Dataset excerpts:
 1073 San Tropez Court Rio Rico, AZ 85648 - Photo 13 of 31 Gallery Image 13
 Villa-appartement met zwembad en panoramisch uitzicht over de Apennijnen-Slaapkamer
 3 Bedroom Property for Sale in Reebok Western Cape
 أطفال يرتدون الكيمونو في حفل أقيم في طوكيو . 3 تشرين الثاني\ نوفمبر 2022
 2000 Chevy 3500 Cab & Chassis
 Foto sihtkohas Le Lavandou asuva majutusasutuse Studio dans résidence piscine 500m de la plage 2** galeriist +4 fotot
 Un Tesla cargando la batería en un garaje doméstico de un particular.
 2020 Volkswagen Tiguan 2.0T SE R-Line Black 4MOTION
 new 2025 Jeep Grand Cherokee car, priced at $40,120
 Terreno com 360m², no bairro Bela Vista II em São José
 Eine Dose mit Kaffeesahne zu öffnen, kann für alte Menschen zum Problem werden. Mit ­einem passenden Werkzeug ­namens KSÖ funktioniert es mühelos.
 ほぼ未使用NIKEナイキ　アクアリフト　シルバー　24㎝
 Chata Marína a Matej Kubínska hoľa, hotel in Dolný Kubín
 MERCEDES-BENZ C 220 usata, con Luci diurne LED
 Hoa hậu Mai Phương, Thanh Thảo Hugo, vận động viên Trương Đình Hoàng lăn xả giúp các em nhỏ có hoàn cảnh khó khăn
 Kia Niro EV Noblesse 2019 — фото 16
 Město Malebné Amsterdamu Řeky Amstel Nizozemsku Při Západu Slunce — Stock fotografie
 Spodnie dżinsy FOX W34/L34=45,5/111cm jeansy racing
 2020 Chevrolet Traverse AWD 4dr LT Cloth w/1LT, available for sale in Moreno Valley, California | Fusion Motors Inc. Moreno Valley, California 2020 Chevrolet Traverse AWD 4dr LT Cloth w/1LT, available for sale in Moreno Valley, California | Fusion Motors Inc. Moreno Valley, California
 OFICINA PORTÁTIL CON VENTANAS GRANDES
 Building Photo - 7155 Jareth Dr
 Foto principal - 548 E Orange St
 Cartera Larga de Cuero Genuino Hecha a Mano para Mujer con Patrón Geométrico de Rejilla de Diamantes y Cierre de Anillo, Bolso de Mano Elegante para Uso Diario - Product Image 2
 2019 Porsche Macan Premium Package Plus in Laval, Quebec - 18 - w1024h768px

» Work item
In the lines above, spot each one that contains the word "Photo" and copy it.

» Answer box
 1073 San Tropez Court Rio Rico, AZ 85648 - Photo 13 of 31 Gallery Image 13
 Building Photo - 7155 Jareth Dr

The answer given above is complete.